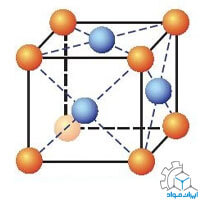 ساختار کریستالی فولاد آستنیتی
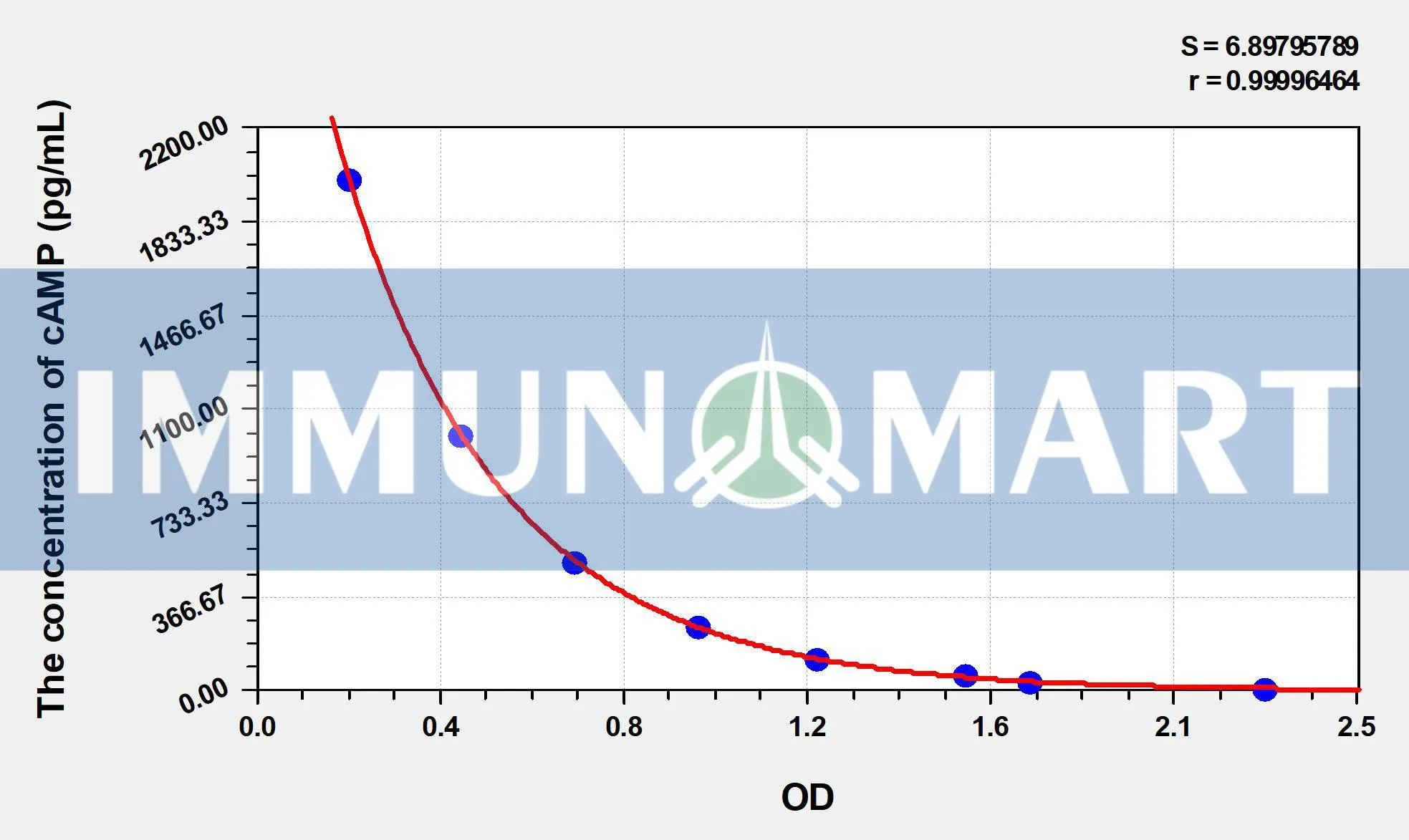 Rat cAMP(Cyclic Adenosine Monophosphate) ELISA Kit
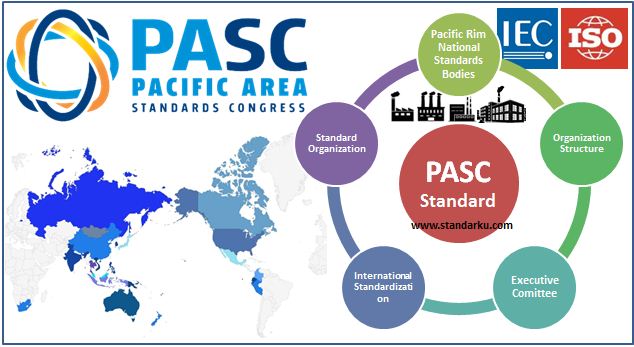 PASC - Badan Standardisasi Wilayah Pasifik - Pacific Area Standards Congress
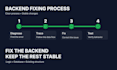 fix PHP laravel mysql bugs and backend issues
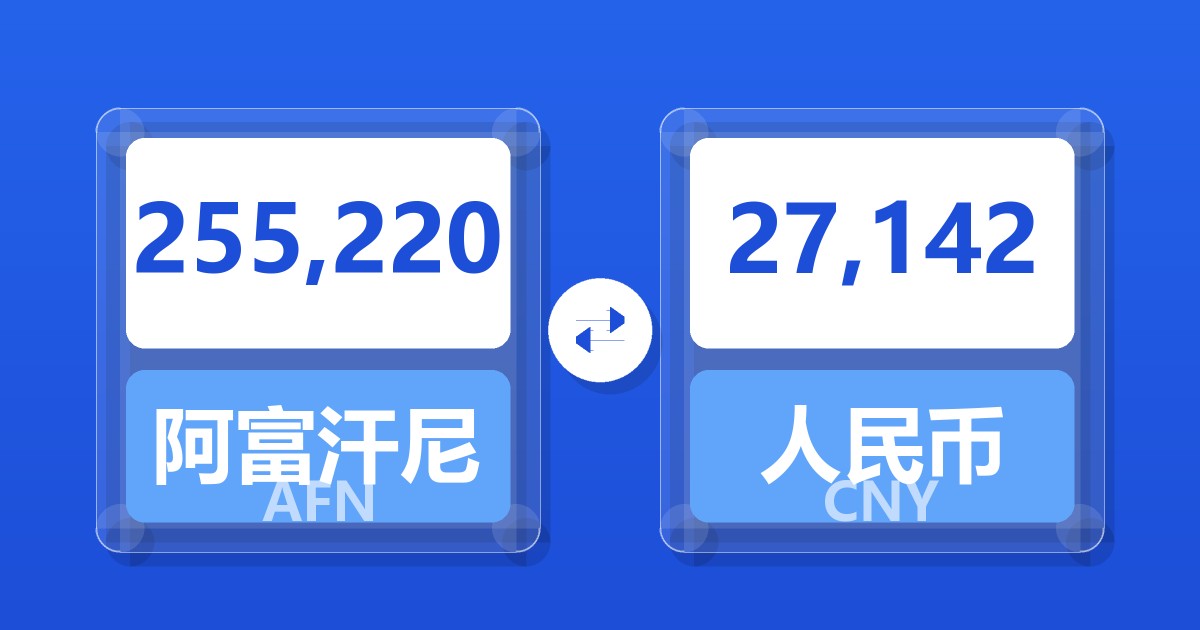 255,220阿富汗尼兑人民币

*Requirement*. Output only the lines from the line that contains "fix PHP laravel" through the end of the material, both ends included, and skip every picture.

*Answer*.
 fix PHP laravel mysql bugs and backend issues
 255,220阿富汗尼兑人民币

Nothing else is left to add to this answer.